Web page caption snippets:
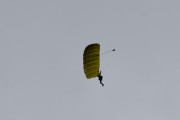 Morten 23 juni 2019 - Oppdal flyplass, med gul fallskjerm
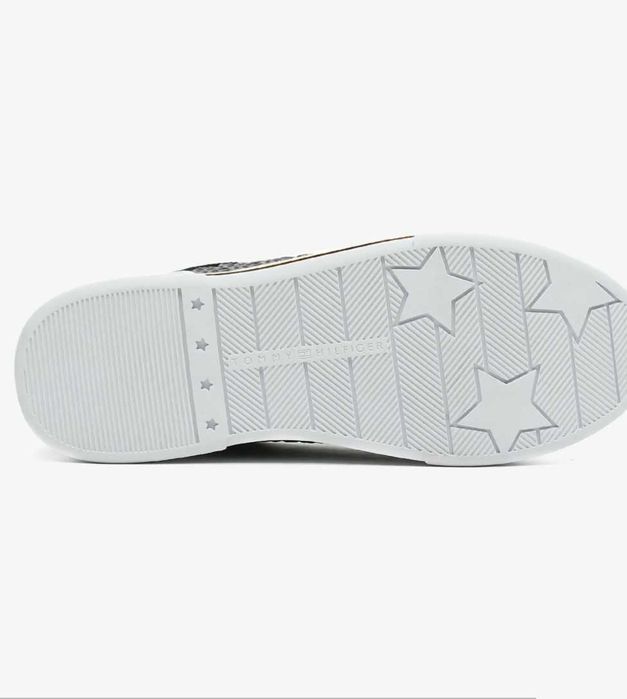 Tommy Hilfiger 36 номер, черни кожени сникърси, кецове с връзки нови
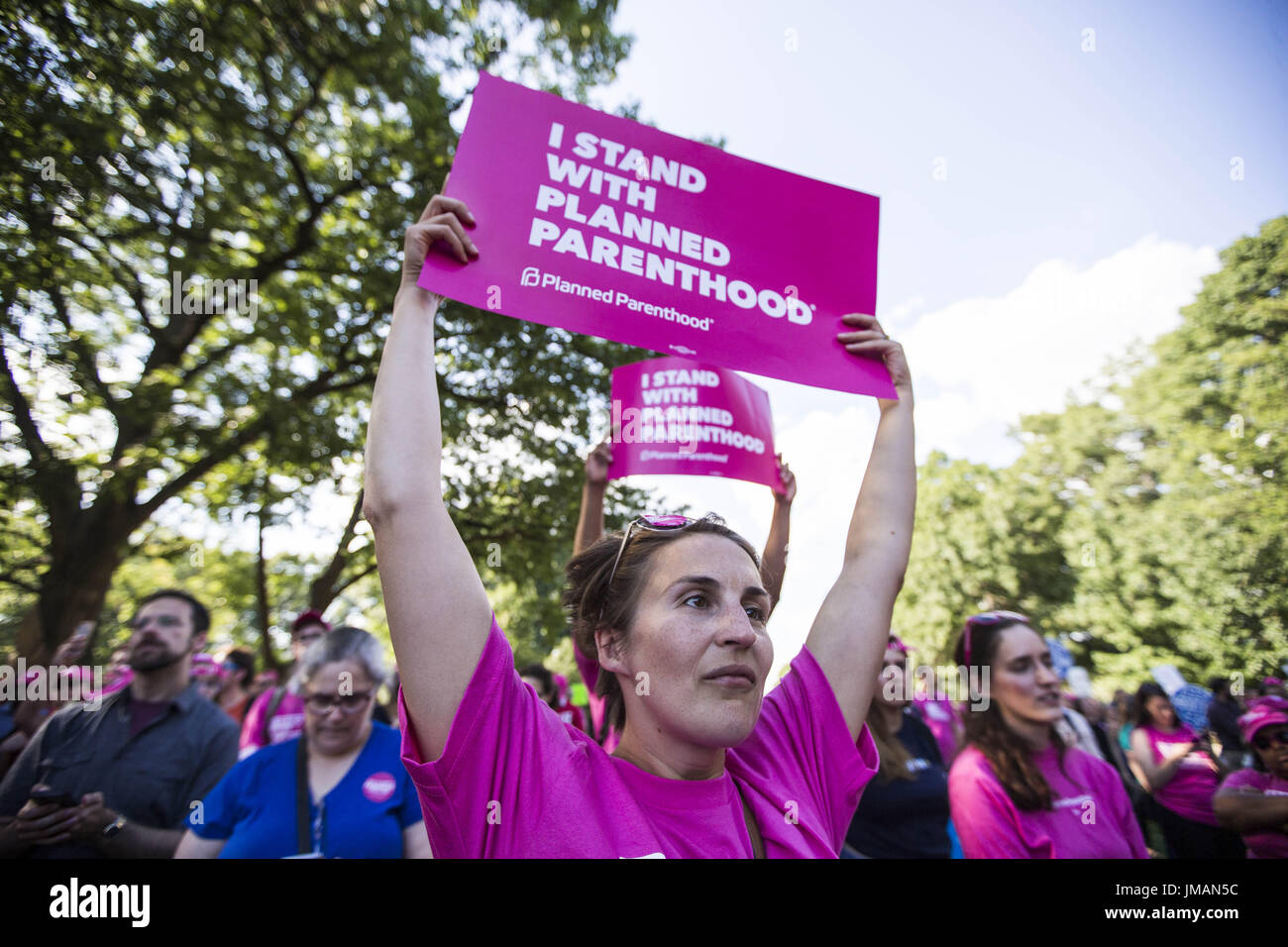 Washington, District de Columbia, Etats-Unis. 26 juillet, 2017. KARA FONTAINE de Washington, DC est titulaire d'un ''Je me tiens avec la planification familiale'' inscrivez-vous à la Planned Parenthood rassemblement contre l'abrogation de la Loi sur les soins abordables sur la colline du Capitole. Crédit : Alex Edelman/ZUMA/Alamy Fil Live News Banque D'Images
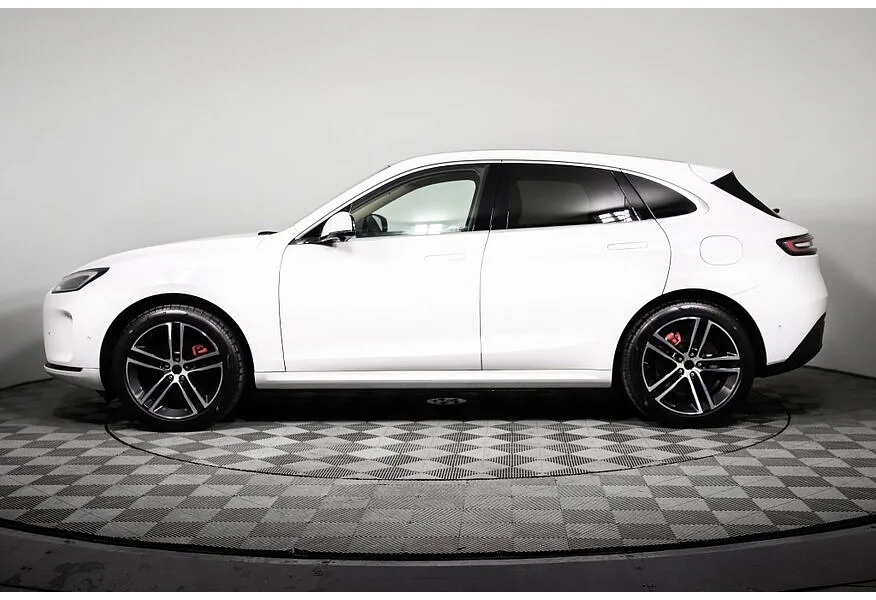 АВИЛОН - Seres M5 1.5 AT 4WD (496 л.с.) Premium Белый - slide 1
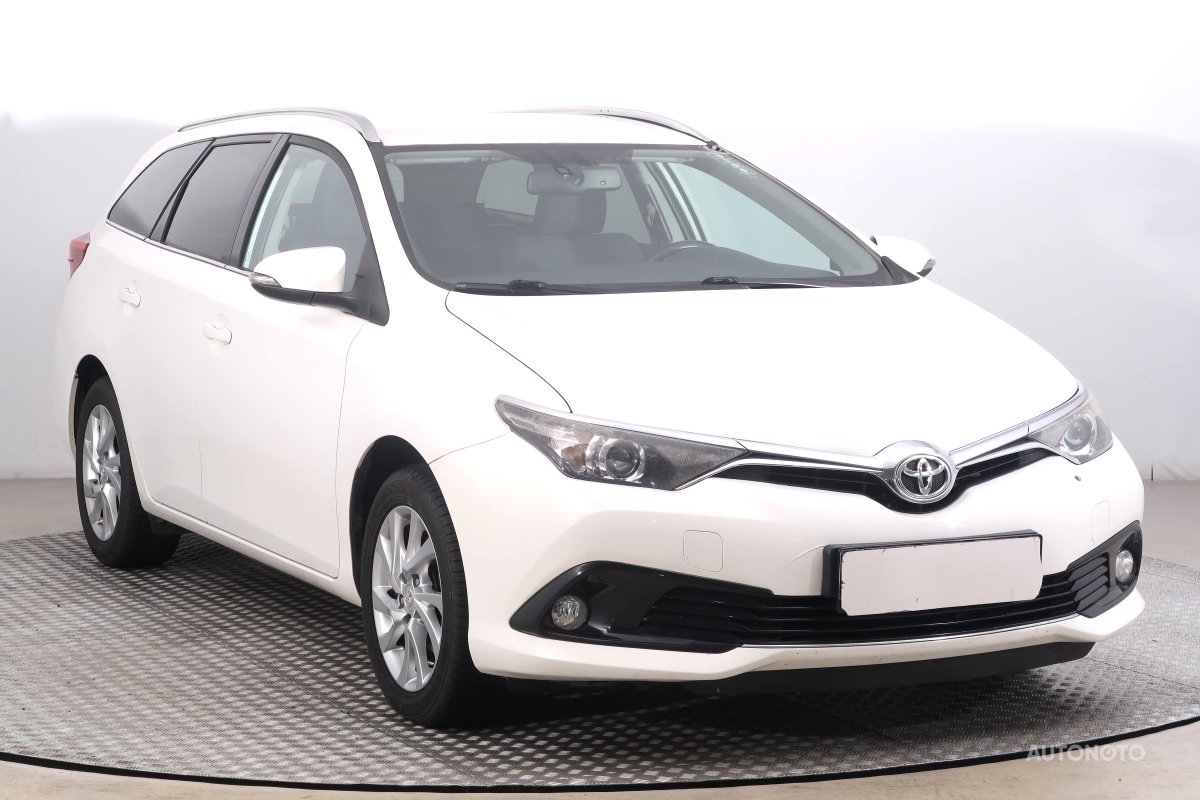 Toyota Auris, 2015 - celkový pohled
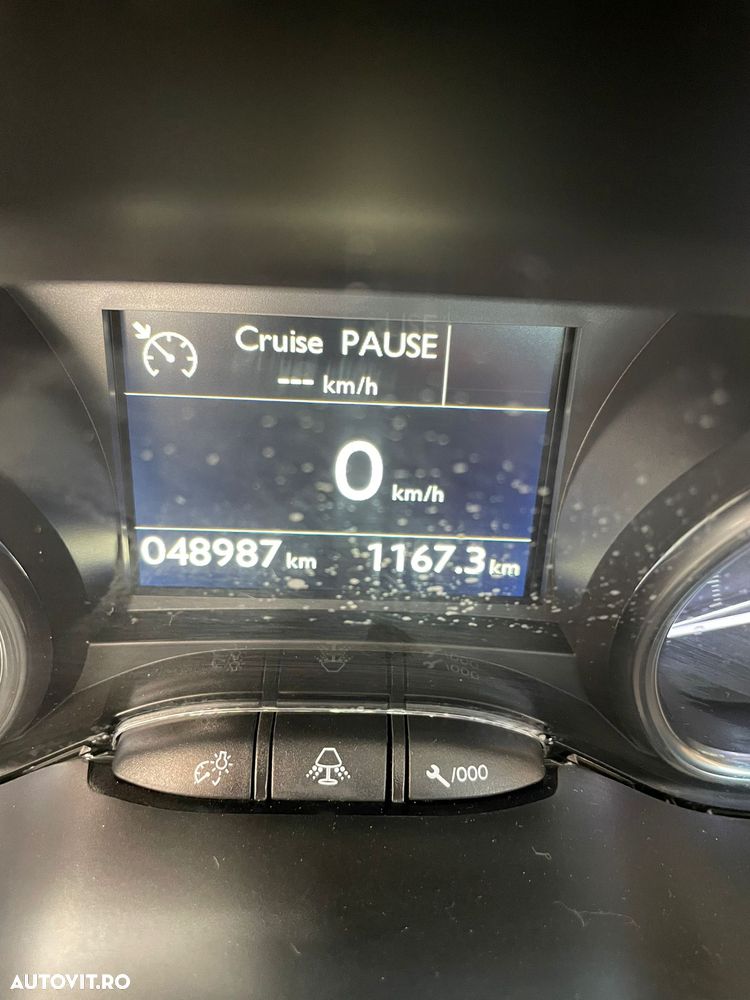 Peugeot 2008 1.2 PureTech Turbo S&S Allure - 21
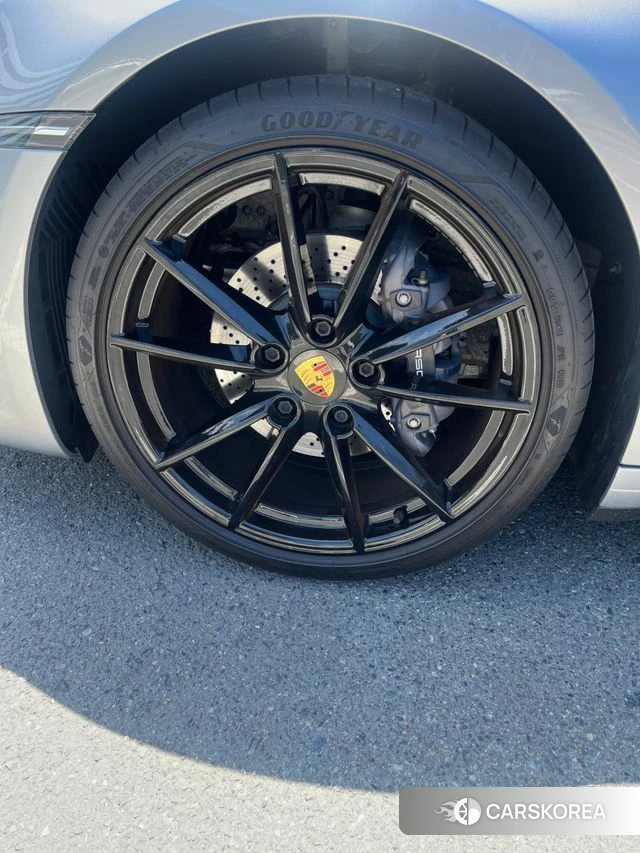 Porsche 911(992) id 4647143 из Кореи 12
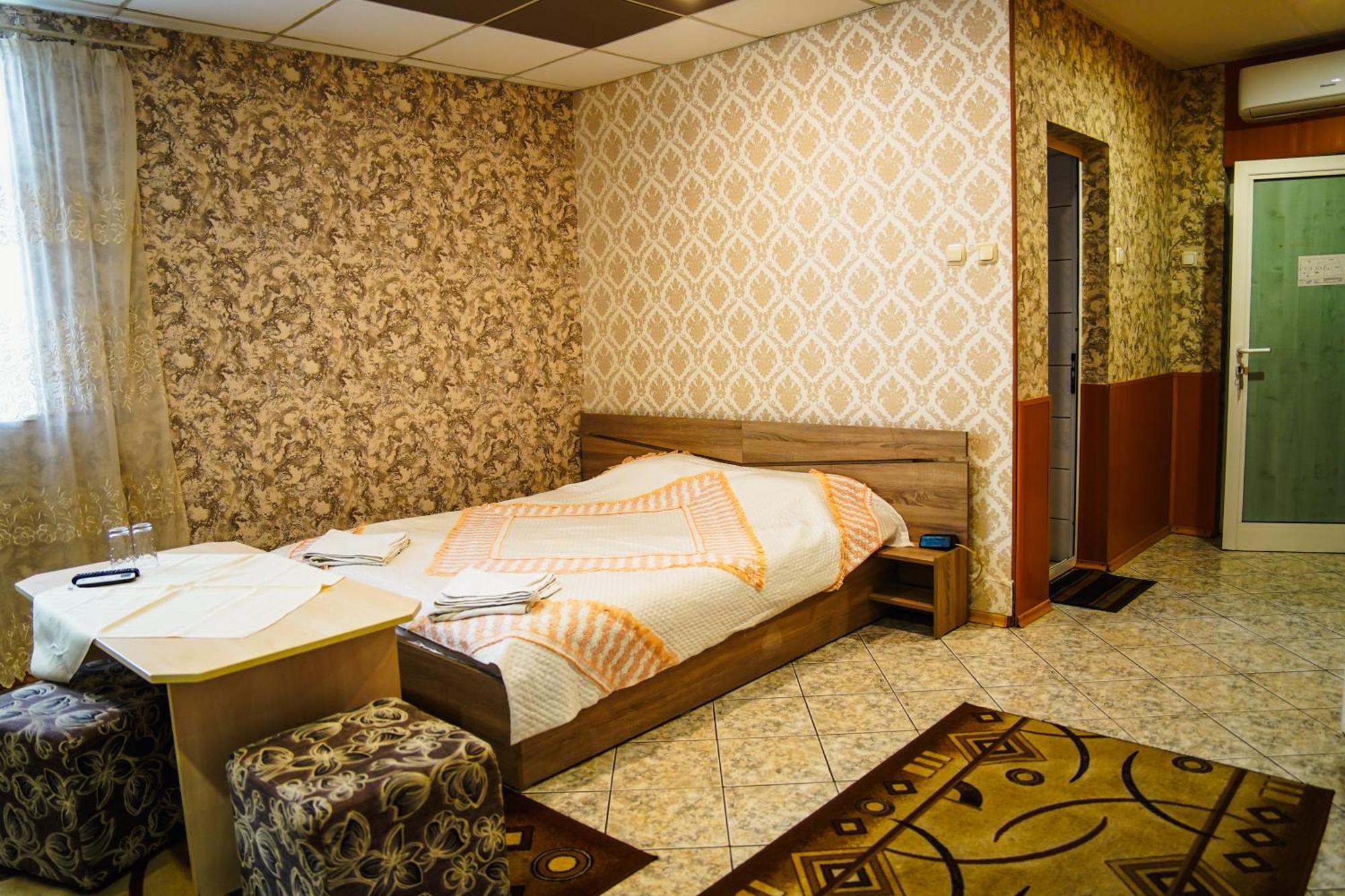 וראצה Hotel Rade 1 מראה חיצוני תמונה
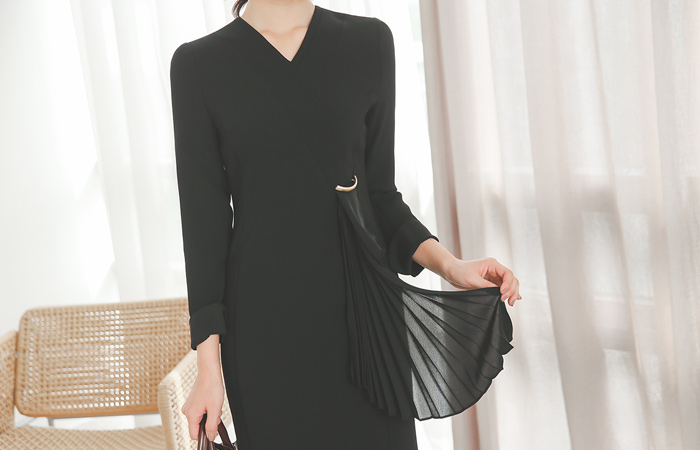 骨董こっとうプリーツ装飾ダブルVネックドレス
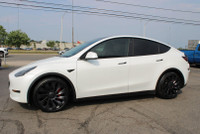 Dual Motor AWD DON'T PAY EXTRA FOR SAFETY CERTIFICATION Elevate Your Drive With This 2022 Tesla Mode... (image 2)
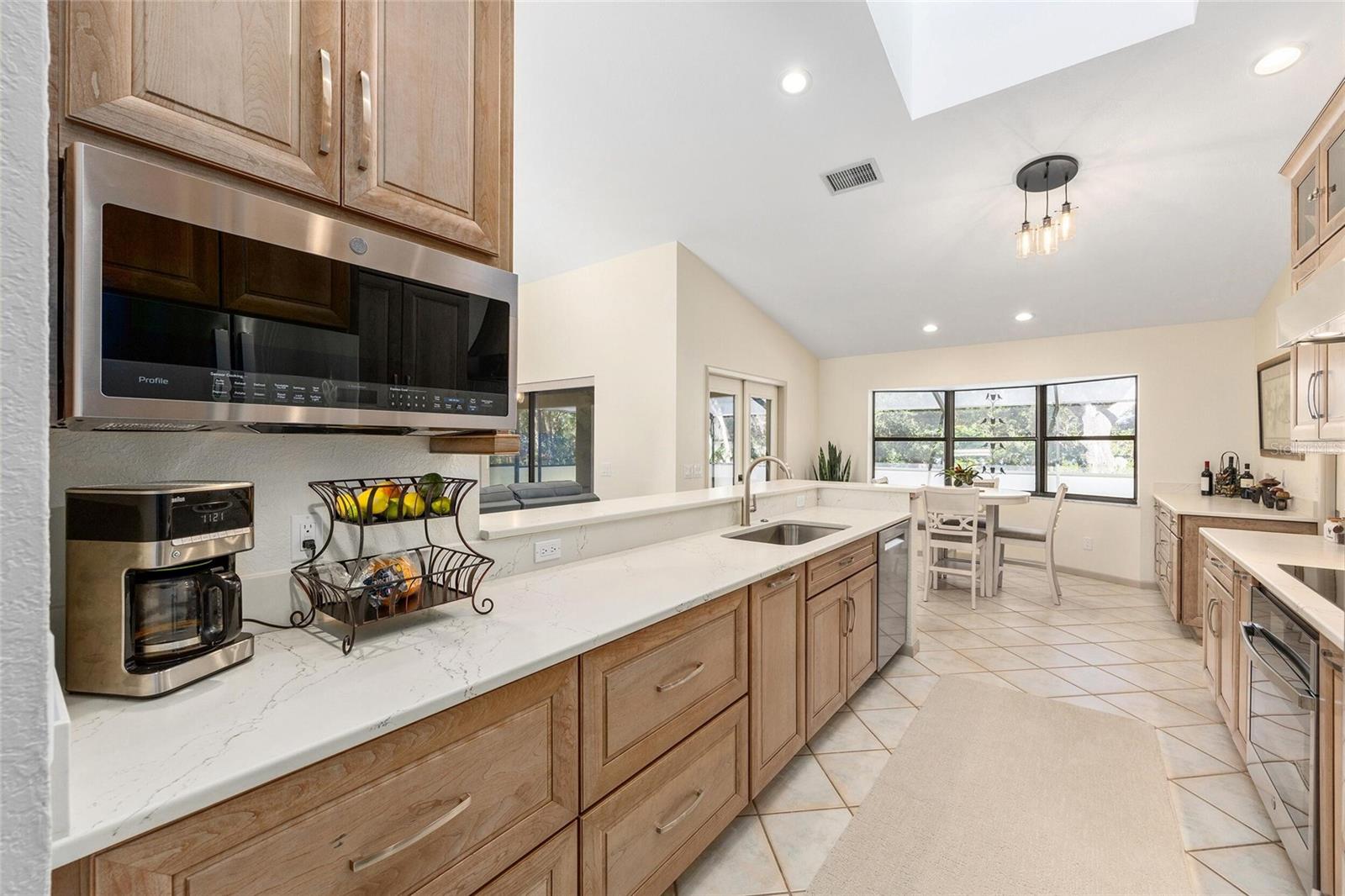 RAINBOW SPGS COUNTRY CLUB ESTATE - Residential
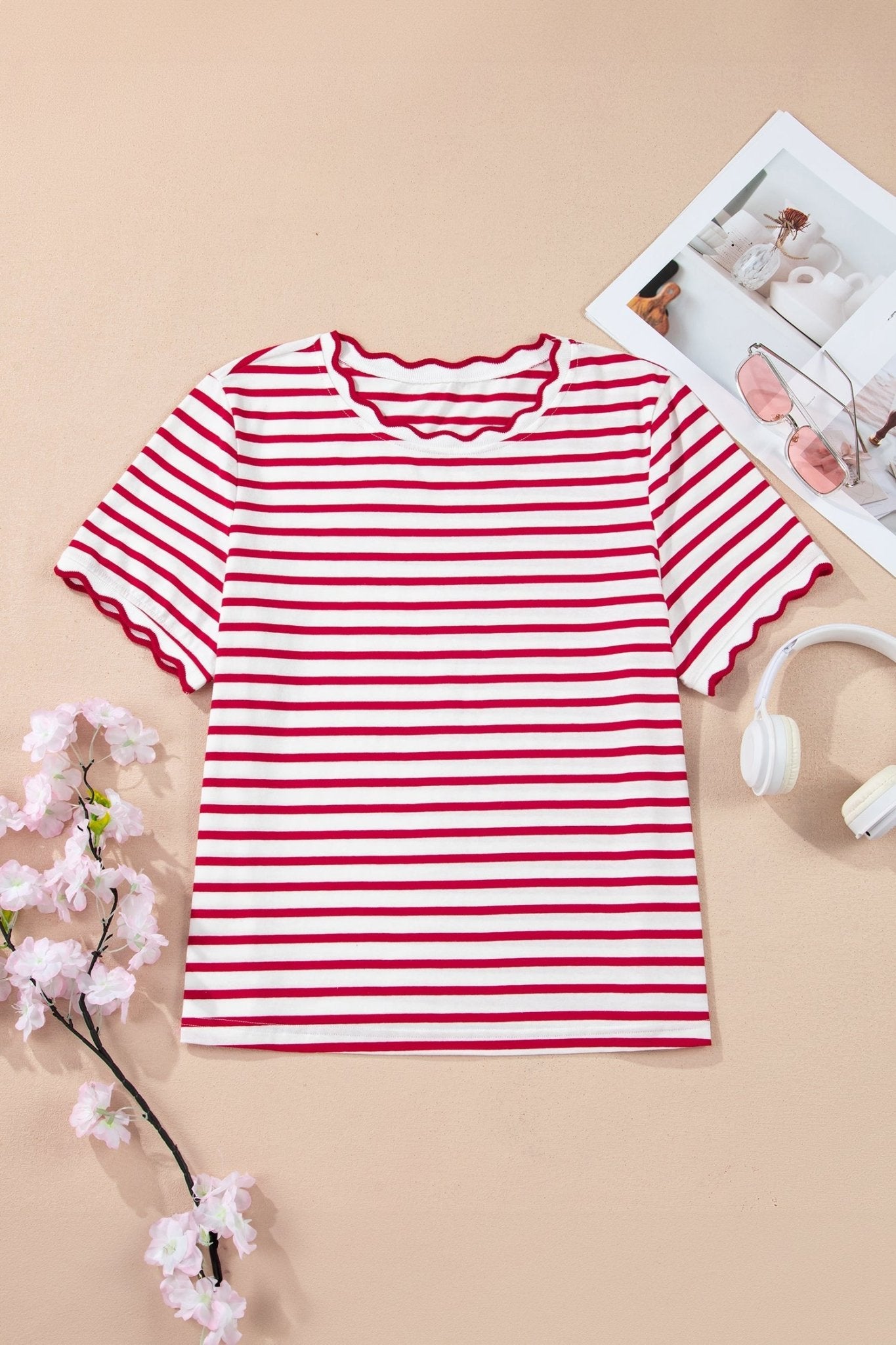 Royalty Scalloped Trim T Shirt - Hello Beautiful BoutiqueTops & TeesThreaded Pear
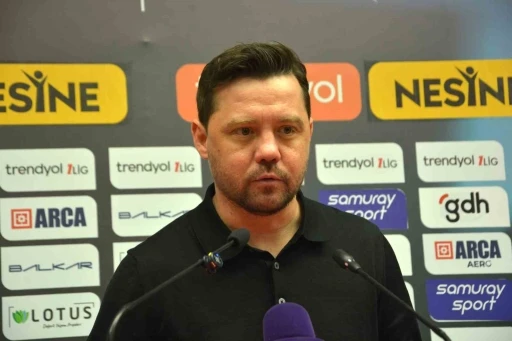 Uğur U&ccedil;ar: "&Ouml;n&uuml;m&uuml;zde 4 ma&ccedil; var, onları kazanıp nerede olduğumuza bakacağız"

▶ _DESCRIPTION OF THE TASK_: The job here is to retype the data exactly, with no pictures included.

▶ _RESPONSE_:
 Morten 23 juni 2019 - Oppdal flyplass, med gul fallskjerm
 Tommy Hilfiger 36 номер, черни кожени сникърси, кецове с връзки нови
 Washington, District de Columbia, Etats-Unis. 26 juillet, 2017. KARA FONTAINE de Washington, DC est titulaire d'un ''Je me tiens avec la planification familiale'' inscrivez-vous à la Planned Parenthood rassemblement contre l'abrogation de la Loi sur les soins abordables sur la colline du Capitole. Crédit : Alex Edelman/ZUMA/Alamy Fil Live News Banque D'Images
 АВИЛОН - Seres M5 1.5 AT 4WD (496 л.с.) Premium Белый - slide 1
 Toyota Auris, 2015 - celkový pohled
 Peugeot 2008 1.2 PureTech Turbo S&S Allure - 21
 Porsche 911(992) id 4647143 из Кореи 12
 וראצה Hotel Rade 1 מראה חיצוני תמונה
 骨董こっとうプリーツ装飾ダブルVネックドレス
 Dual Motor AWD DON'T PAY EXTRA FOR SAFETY CERTIFICATION Elevate Your Drive With This 2022 Tesla Mode... (image 2)
 RAINBOW SPGS COUNTRY CLUB ESTATE - Residential
 Royalty Scalloped Trim T Shirt - Hello Beautiful BoutiqueTops & TeesThreaded Pear
 Uğur U&ccedil;ar: "&Ouml;n&uuml;m&uuml;zde 4 ma&ccedil; var, onları kazanıp nerede olduğumuza bakacağız"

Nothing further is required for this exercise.